BIMSTEC can fill SAARC’s space
It is clear India is looking to the two-decade-old Bimstec to get around the South Asian Association for Regional Cooperation (Saarc), which has become dysfunctional because of differences between New Delhi and Islamabad, and to counter China’s creeping influence in countries around the Bay of Bengal due to the spread of its Belt and Road Initiative
India has made a strong pitch for enhanced connectivity between the seven member states of the Bay of Bengal Initiative for Multi-Sectoral Technical and Economic Cooperation (Bimstec) at the grouping’s summit in Kathmandu. Prime Minister Narendra Modi said this should include connectivity in trade, economics, transport, digital networks and people-to-people. This fits in well with two key policies of the dispensation in New Delhi — “neighbourhood first” and “Act East” — considering that Bimstec member states account for 22% of the world’s population and have a combined Gross Domestic Product of nearly $2.7 trillion. For the other members, Bimstec holds the potential of gaining access to India’s vast market, while New Delhi sees the grouping as a bridge between South Asia and Southeast Asia.
It is clear that India is looking to the two-decade-old Bimstec to get around the South Asian Association for Regional Cooperation (Saarc), which has become dysfunctional because of differences between New Delhi and Islamabad, and to counter China’s creeping influence in countries around the Bay of Bengal due to the spread of its Belt and Road Initiative.
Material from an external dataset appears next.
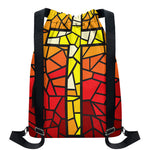 Orange And Red Stained Glass Cross Print Drawstring Backpack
Most of the members of Bimstec have either formally signed on for President Xi Jinping’s ambitious plan to build a modern Silk Road or closely aligned their developmental plans and programmes with those of China’s, thanks to investment lavished on infrastructure projects.
India, as the solitary holdout, realises the need to offer its neighbours a viable alternative to the One Belt, One Road project. In this, it is better placed as the neighbours and even outside powers such as the United States and Japan are expected to have no concerns about connectivity projects mooted by India, as these will come without hidden costs.
India’s renewed push for Bimstec, which has held only four summits since it was founded in 1997, has coincided with a sharp downslide in relations with Pakistan. This is largely because policy makers in New Delhi believe it will be easier for India to work through a grouping not affected by the continuous tensions with Pakistan. But India must keep in mind that key players in Bimstec, such as Nepal, have pointed out they see the grouping and Saarc as complementary to each other.
However, the grand connectivity plans mooted by India will require sound planning and considerable funding, an area in which India cannot match the largesse shown by China. India’s ability to fashion more equitable solutions and build a framework that works without violating international norms should go some way in overcoming this handicap.